Die genannten Gründe, insbesondere die Abwehr von der Bevölkerung drohenden spielbankspezifischen Gefahren, die sich aus der Ausnutzung der Spielleidenschaft ergeben, rechtfertigen als überragend wichtige Gemeinwohlbelange beziehungsweise zwingende Gründe des Allgemeininteresses die Vorgabe, dass nur eine Konzession vergeben wird. Die Tatsache, dass es neben dem Monopol für Spielbanken auch Glücksspielarten gibt, die im Wege einer monopolfreien Erlaubnis betrieben werden dürfen, steht einem Monopol nicht entgegen. Der Europäische Gerichtshof hat in seinem Urteil vom 28.02.2018 (C-3/17) entschieden, dass ein duales System zur Organisation des Glücksspielmarkts, wonach bestimmte Arten von Glücksspielen einem staatlichen Monopol unterliegen, während andere von privaten Betreibern mit einer entsprechenden Erlaubnis veranstaltet werden dürfen, die Vereinbarkeit des Monopols mit dem Grundsatz des freien Dienstleistungsverkehrs nicht in Frage stelle.“ 

 

Man mag kritisch bewerten, ob die vorstehenden Erwägungen in allen Einzelheiten überzeugen können. Erkennbar steht aber das gesetzlich beschlossene Privatmonopol für den Betrieb aller Spielbanken als ein konstituierendes Element der Neuorganisation (Privatisierung) des Spielbankenbetriebes in NRW. Hierbei ist nicht zu übersehen, dass diese Regelung - wie eine Reihe anderer neuer Bestimmungen im Spielbankgesetz NRW – eigentlich nur die rechtlichen Lücken schließen soll, die bei Fortführung der Spielbanken unter öffentlicher Trägerschaft erst gar nicht entstanden wären.
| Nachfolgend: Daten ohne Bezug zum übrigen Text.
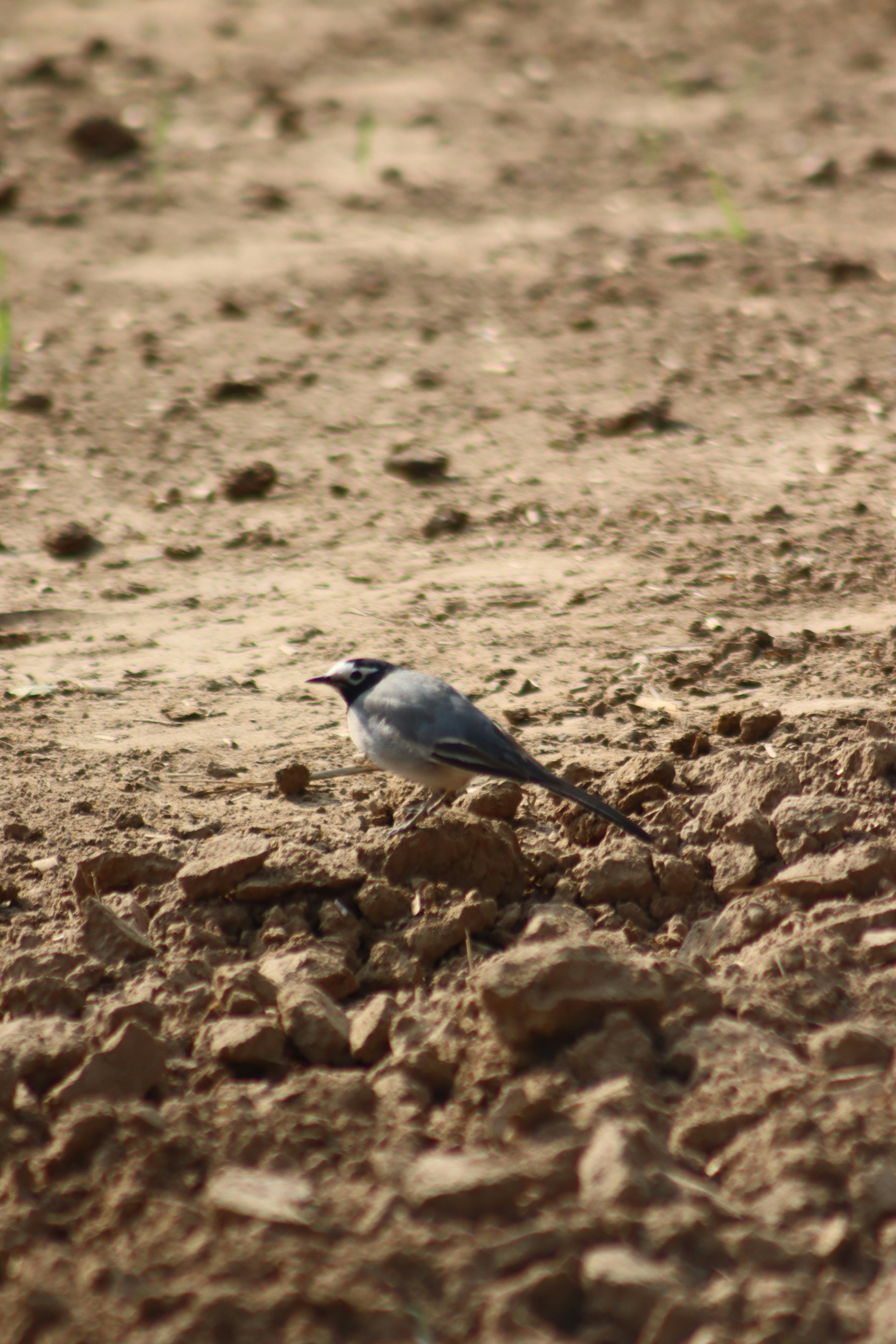 Photo by drphotographer152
Gleichwohl besteht aufgrund der insoweit nunmehr eindeutigen Gesetzeslage im Spielbankgesetz NRW (SpielbG NRW) für Verhandlungen mit der Landesregierung über die Herauslösung - und gesonderte Vergabe - einer einzelnen Spielbanken-Konzession kein Spielraum.

 

 

Regelung in der Gemeindeordnung

Ergänzend wurde auch noch betrachtet, wie der vorliegende Ratsantrag rechtlich zu bewerten wäre, wenn die zuvor dargelegten Beschränkungen aus dem Spielbankgesetz NRW nicht bestehen würden. Hierzu wird unterstellt, der Stadt Aachen könnte (entgegen der Gesetzeslage) eine Konzession für den Betrieb des Aachener Spielcasinos - zum Weiterbetrieb in öffentlicher Hand und zur Sicherung der Arbeitsplätze (so die Begründung im Ratsantrag) - erteilt werden.

 

Diese Prüfung führt letztendlich zu keinem anderen Ergebnis.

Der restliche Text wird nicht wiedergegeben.